Patient Flight Paths and Prescriptive Analytics
Another use for predictive analytics is predicting the ―flight path‖ of a patient.
Leveraging historical data from other patients with similar conditions, predictive
algorithms can be created using programming languages such as R and big data
machine learning libraries to faithfully predict the trajectory of a patient over time.
Once we can accurately predict patient trajectories, we can shift to the Holy Grail–
Prescriptive Analytics. Intervening to interrupt the patient’s trajectory and set him on
the proper course will become a reality very soon. Big data is well suited for these
futuristic use cases.
Genomic Sequencing and Big Data
As someone who’s spent many years working on the Human Genome project, I am
personally very excited about the increasing use of genomic data in patient
treatment.

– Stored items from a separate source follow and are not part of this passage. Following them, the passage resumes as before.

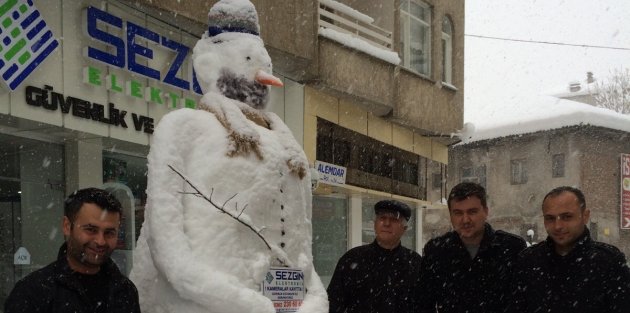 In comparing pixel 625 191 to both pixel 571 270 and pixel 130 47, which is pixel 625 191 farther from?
pixel 571 270

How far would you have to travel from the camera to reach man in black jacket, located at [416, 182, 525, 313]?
11.8ft

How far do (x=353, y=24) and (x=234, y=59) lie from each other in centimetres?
816

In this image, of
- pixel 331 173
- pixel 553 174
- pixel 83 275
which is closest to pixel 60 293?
pixel 83 275

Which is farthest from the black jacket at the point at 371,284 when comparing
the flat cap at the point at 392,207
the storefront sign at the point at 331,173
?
the storefront sign at the point at 331,173

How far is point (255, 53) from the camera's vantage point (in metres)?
3.38

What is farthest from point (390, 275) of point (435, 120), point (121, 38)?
point (435, 120)

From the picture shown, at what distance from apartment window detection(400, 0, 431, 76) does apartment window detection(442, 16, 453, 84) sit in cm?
77

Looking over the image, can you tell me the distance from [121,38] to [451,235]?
13.3 feet

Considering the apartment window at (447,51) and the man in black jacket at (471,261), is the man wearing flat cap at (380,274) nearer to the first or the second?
the man in black jacket at (471,261)

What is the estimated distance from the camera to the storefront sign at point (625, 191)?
29.6 metres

The cost of sequencing an individual’s full genome has plunged in recent
years. Sequencing, once an art, will soon become commonplace and eventually
become a commodity lab test. Genomic sequences are huge files and the analysis of
genomes generates even more data. Again, big data serves this use case well.
Loading a genetic sequence into a relational database would require a huge
Character Large Object (CLOB) or a separate storage just to manage the sequence.

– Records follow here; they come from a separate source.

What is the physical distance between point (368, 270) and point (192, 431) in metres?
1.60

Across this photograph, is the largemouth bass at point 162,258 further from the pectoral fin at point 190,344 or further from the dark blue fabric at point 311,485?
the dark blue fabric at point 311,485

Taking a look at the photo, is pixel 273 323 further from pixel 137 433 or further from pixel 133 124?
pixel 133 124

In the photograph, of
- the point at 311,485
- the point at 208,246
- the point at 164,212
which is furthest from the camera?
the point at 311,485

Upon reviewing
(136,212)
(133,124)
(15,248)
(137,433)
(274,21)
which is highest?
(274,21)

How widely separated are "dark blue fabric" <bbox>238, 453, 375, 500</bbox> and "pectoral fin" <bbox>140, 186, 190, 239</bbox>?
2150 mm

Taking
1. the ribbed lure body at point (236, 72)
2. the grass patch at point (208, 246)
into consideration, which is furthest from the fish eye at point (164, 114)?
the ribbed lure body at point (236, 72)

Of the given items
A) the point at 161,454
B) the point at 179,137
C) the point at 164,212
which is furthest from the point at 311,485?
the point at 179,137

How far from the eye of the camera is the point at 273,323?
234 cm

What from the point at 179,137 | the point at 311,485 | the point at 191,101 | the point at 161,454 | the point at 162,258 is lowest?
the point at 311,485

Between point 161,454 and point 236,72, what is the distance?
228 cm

With big data, just toss it in the Hadoop cluster, and it’s ready for analysis.
9. 9
The Future of Healthcare Data Warehousing and
the Transition to Big Data
I’ve talked about the present limitations for big data in healthcare and the truly
fascinating future possibilities that big data enables. An important question to
address at this point is, of course, this: What should a health system do in the
meantime? Today, health systems’ need for data-driven quality and cost
improvement is urgent. Healthcare organizations cannot afford to wait for big data
technology to mature before diving into analytics. The important factor will be
choosing a data warehousing solution that can easily adapt to the future of big data.

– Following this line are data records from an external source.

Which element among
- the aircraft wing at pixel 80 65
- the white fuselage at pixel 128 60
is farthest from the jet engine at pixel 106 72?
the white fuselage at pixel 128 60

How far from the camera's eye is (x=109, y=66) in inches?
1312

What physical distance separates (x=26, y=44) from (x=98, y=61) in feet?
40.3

A Late-Binding™ enterprise data warehouse (EDW) architecture is ideal for making
the transition from relational databases to unstructured big data. As stated earlier,
the late-binding approach is, in fact, very similar to the big data approach. In a Late-
Binding EDW like Health Catalyst’s, data from source systems (EHRs, financial
systems, etc.) are placed into source marts. In this process—as in big data—it is
best practice to keep the data as raw as possible, relying on the natural data models
of the source systems. As much as possible, late-binding methods minimize
remodeling data in the source marts until the analytic use case requires it. The data
remains in its raw state until someone needs it. At that point, analysts package the
data into a separate data mart and apply meaning and semantic context so that
effective analysis can occur. Because this approach is so similar to big data, it is a
natural transition to replace the source-mart layer of the EDW architecture with a big
data cluster.
Real World Example Healthcare’s Transition to Big Data
In conclusion, here is a brief example of how the transition from relational databases
to big data is happening in the real world. We, at Health Catalyst, are working with
one of our large health system clients and Microsoft to create a massively parallel
data warehouse in a Microsoft APS Appliance that also includes a Hortonworks
Hadoop Cluster. This means we can run a traditional relational database and a big
data cluster in parallel. We can query both data stores simultaneously, which
significantly improves our data processing power. Together, we are beginning to
experiment with big data in important ways, such as performing natural language
processing (NLP) with physician notes, predictive analytics, and other use cases.